**Task goal**
When you reach the line that contains "Clear Eyes Redness" in the data below, copy it and every line after it exactly, adding nothing.

**Task input**
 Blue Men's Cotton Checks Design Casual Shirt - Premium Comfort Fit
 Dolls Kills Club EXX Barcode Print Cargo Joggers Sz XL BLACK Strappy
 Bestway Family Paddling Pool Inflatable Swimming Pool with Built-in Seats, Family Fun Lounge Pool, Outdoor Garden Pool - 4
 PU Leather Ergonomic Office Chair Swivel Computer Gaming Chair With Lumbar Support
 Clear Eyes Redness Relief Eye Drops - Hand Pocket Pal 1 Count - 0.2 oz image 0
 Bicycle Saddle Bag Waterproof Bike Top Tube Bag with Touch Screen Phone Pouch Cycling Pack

**Solved exercise**
 Clear Eyes Redness Relief Eye Drops - Hand Pocket Pal 1 Count - 0.2 oz image 0
 Bicycle Saddle Bag Waterproof Bike Top Tube Bag with Touch Screen Phone Pouch Cycling Pack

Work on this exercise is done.